# Best Keel for Coastal and Blue Water Cruising



## halsmithjr (Jan 28, 2001)

We are planning to buy a new Catalina or Catalina Morgan cruiser in the 42-50'' range. We have the option of outfitting it with either a deep draft or winged keel. We plan to do coastal cruising between North Carolina and Key West, FL as well as some island hopping in the Caribean. Besides the draft difference, are there other advantages or disadvantages to either keel


----------



## TSOJOURNER (Dec 16, 1999)

Don''t buy a new boat. Unless you have money and time to burn.

My friend is in Key West now living aboard and he draws 5''3". He goes to the Bahamas etc with no problem.

But I really don''t favor wing keels. 

What do these boats draw that you are looking at?

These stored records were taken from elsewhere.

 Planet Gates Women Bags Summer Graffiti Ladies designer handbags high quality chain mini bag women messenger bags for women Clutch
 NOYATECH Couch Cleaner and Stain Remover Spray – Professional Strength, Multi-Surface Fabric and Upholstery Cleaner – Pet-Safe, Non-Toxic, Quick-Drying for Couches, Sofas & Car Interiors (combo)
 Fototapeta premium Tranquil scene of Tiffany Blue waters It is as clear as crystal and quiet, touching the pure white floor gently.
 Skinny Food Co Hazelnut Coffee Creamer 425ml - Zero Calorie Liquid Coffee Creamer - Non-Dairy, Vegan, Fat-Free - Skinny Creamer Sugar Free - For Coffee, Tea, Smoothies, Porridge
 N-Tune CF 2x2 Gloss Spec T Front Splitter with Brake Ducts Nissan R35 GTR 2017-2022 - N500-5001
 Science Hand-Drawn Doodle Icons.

Key West is really nice. Good luck.


----------



## TSOJOURNER (Dec 16, 1999)

Given the boats you are considering, I think you know a great deal about what you want and have the experience to back that up. 

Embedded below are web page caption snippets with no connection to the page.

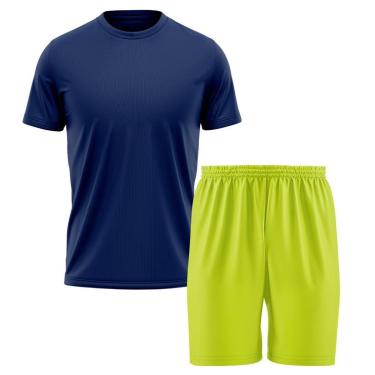 Imagem de Kit Calção Short Futebol Basquete Amarelo + Camiseta Manga Curta Masculina-Masculino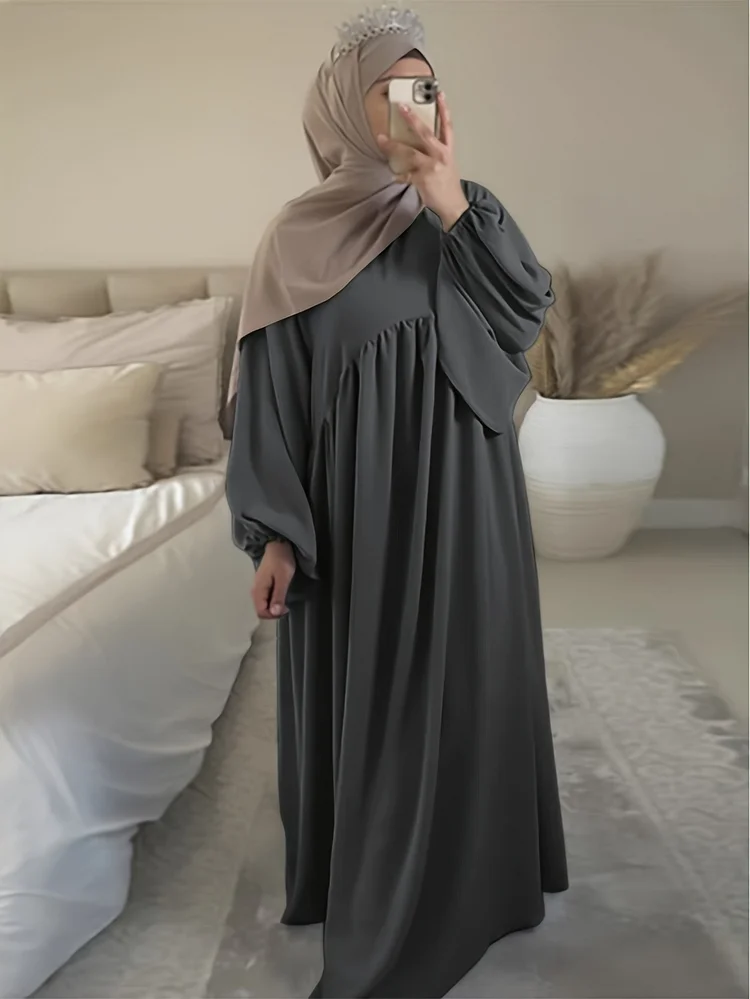 Women's Casual Long Sleeve Lantern Dress - Round Neck, Straight Cut, Solid Color With Ruffled Hem, Lightweight & Breathable For Spring/Summer/Fall, Spring Fashion | Ruffled Hem Dress | Lightweight Dress
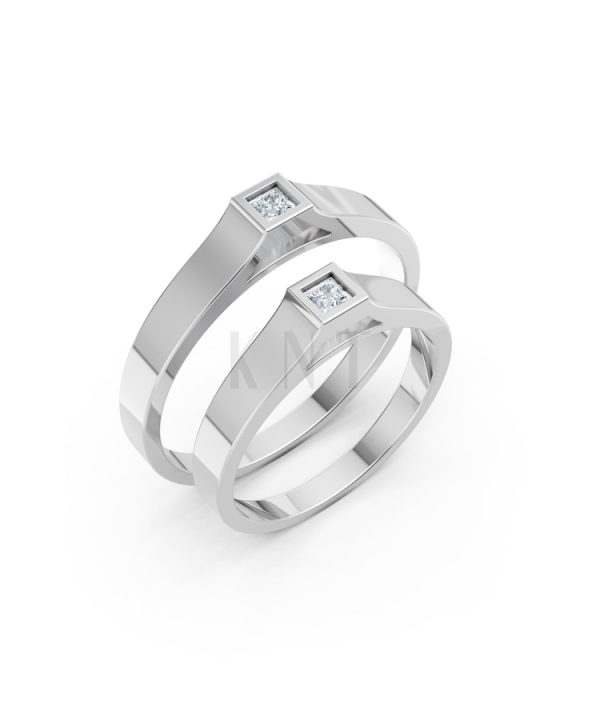 Nhẫn cưới A155 màu vàng trắng White Gold kiểu dáng hiện đại, nổi bật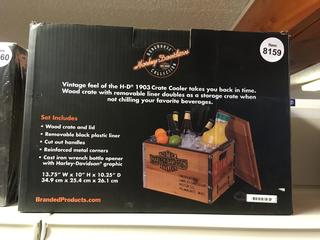 Harley Davidson Wood Crate Cooler.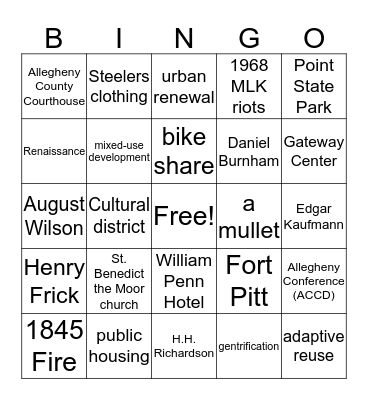 Pittsburgh Bingo! Bingo Card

I am not sure there is any appreciable difference, in normal cruising, between the wing or the fin keel. The wing keel, as I am sure you know, was developed to improve the pointing ability of an America''s Cup boat when heeled significantly. 

Let me hasten to add that while I have sailed boats with wings and without, I am no expert. I have sailed where you are going and think the shallower draft of a wing is an advantage. Since there is no mud in your cruising area, getting the wing wedged in upon grounding is not a concern. 

One concern, do be careful of grounding the rudder, as it may be deeper (not sure but) than the keel. In any event, the rudder can be vulnerable. But no big deal. 

All the best. Please sell me your boat in 4 yrs :O)


----------



## TSOJOURNER (Dec 16, 1999)

I rode out Hurricane Marilyn in Sep ''95 in a Catalina Morgan 50 by snuggling up in the mangroves in Saint John, USVI. That boat had a wing keel and after the storm we were plenty relieved to find the keel undamaged and free of the bottom while the stern touched hard against the shore. In that case at least, the difference in draw meant something. As for sailing performance, it seemed about the same.


----------



## halsmithjr (Jan 28, 2001)

Thanks Mike, John, and nola for your replys.
As to our new boat Mike, we have had 3 used ones and this is our chance to step up and buy what we want how we want it equipped. The ones we''re considering vary in draft between 4''10 and 5''6 with the wing keel and 5''10 and 7'' with the deep draft keel.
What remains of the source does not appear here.